Thu, 30 Aug 2001 12:40:40 -0500 (CDT)

> Hi Jeremy,
> 
> could you please send more datails about those Condor standard universe
>  jobs?  Thanks!

What it actual does or how to install Condor? You basicaly have 2 universes
to choose from in Condor, Standard and Vanilla. Condor comes with a special
LD that you use to condor compile your source packages. That's right, you
can download any source package, any program and instead of make, make
install, you would do condor_compile make, make install. This wraps the
source executable to work in the Standard condor universe. Here's a sample
ripped from the Condor users manual:

Condor has four runtime environments (called a universe) from which to
choose. Of the four, two are likely choices when
    learning to submit a job to Condor: the standard universe and the
vanilla universe. The standard universe allows a job
    running under Condor to handle system calls by returning them to the
machine where the job was submitted. The standard
    universe also provides the mechanisms necessary to take a checkpoint and
migrate a partially completed job, should the
    machine on which the job is executing become unavailable. To use the
standard universe, it is necessary to relink the
    program with the Condor library using the condor_compile command. The
manual page for condor_submit on page  has
    details. 

    The vanilla universe provides a way to run jobs that cannot be relinked.
It depends on a shared file system for access to
    input and output files, and there is no way to take a checkpoint or
migrate a job executed under the vanilla universe.

Take a look at the users manual: http://www.cs.wisc.edu/condor/manual/v6.2/
for more information..

Right now we only use one application on the Condor cluster.

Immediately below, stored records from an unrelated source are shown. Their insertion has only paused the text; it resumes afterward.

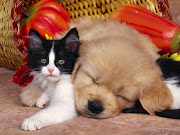 Cat and dog puppy 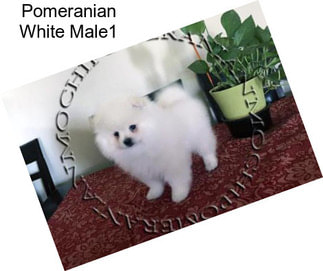Pomeranian White Male1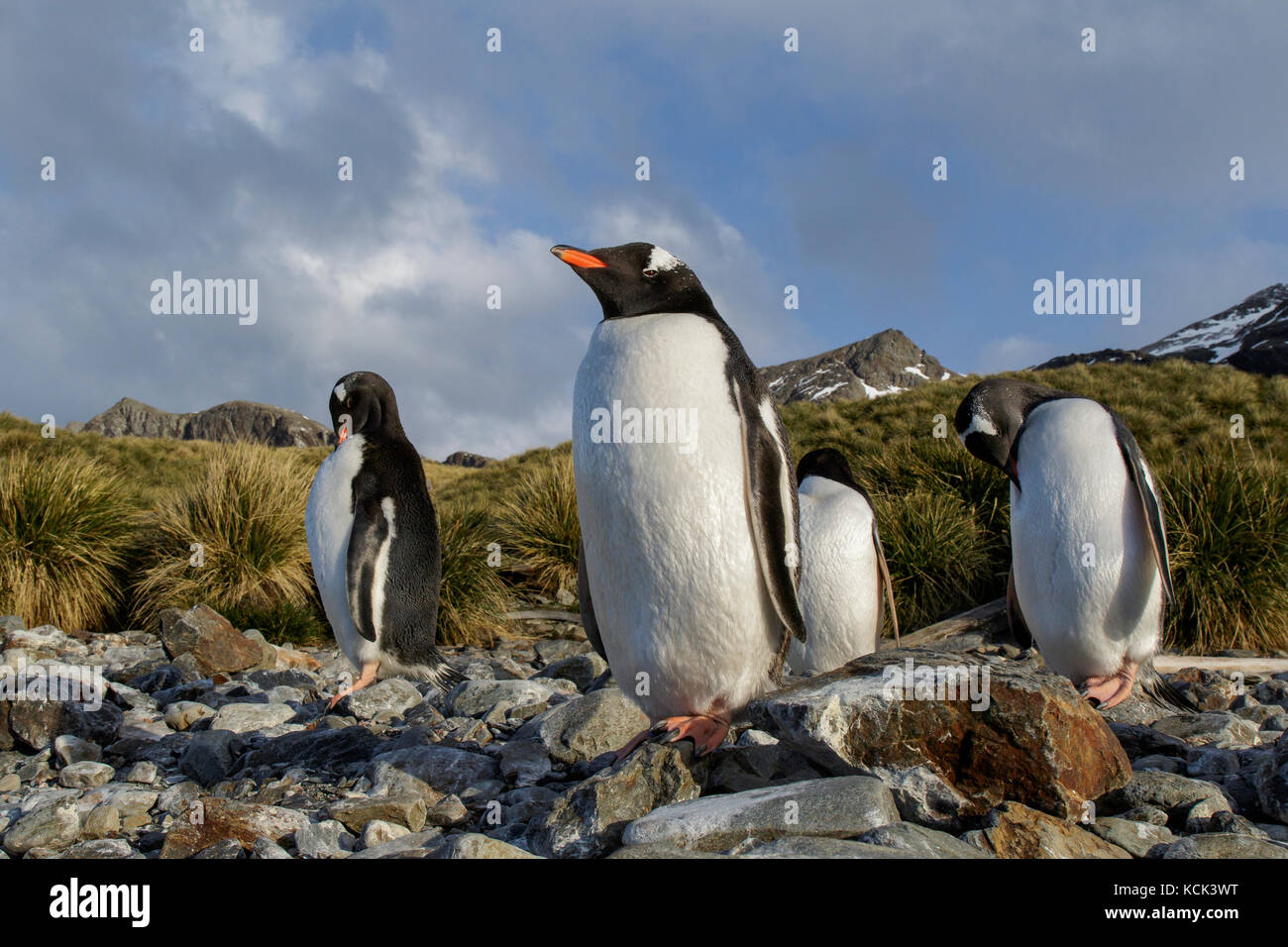Gentoo pingouin (Pygoscelis papua) perché sur un éperon beach sur l'île de Géorgie du Sud. Banque D'Images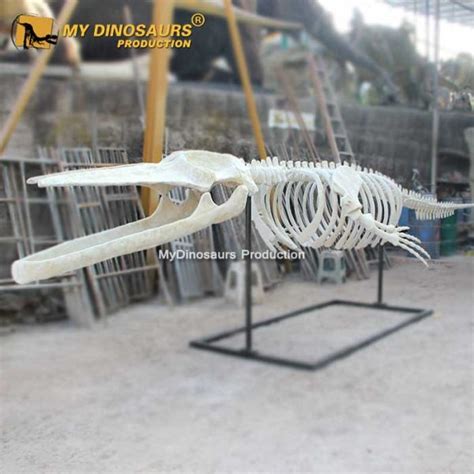 Museum Replica Megalodon Shark Jaw Skeleton for Sale | MyDinosaurs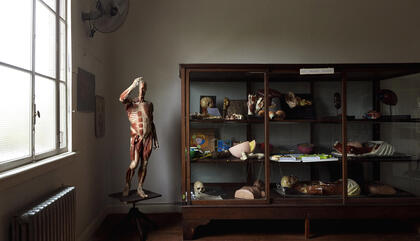 Claudio Larrea Anatomía de la luz, 2017 180 x 125 cm Fotografía digital. Toma directa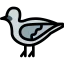 Dove icon 64x64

Its a Java app,
so I can't relink the libraries to make it work in the standard universe. So
it runs in vanilla mode and this is how it operates:

1. The application outputs the seperate job files (1-40)
2. User submits all 40 jobs to the central manager
3. Condor rcp's the binary executable (something.exe) and the appropriate
job file to each node.
4. Condor starts the executable with the job file. When finished, condor
then rcp's the finished data into the user's home directory, or wherevert
they submitted the job(s) from.

The 'cluster' we use is a Beowulf comprised of 20 dual P3-500, 256 megs RAM
and 10 gig drives each. /home and /usr/local are NFS mounted which allows us
to install condor in /usr/local/condor and all nodes have condor access with
user in /home/condor.

Sorry if I am carrying on, but installing and running Condor has been one of
my big highlights. All that is left to deploy it on a higher scale and offer
more choices for each user.

-- 
Jeremy Mann
jeremy@biochem.uthscsa.edu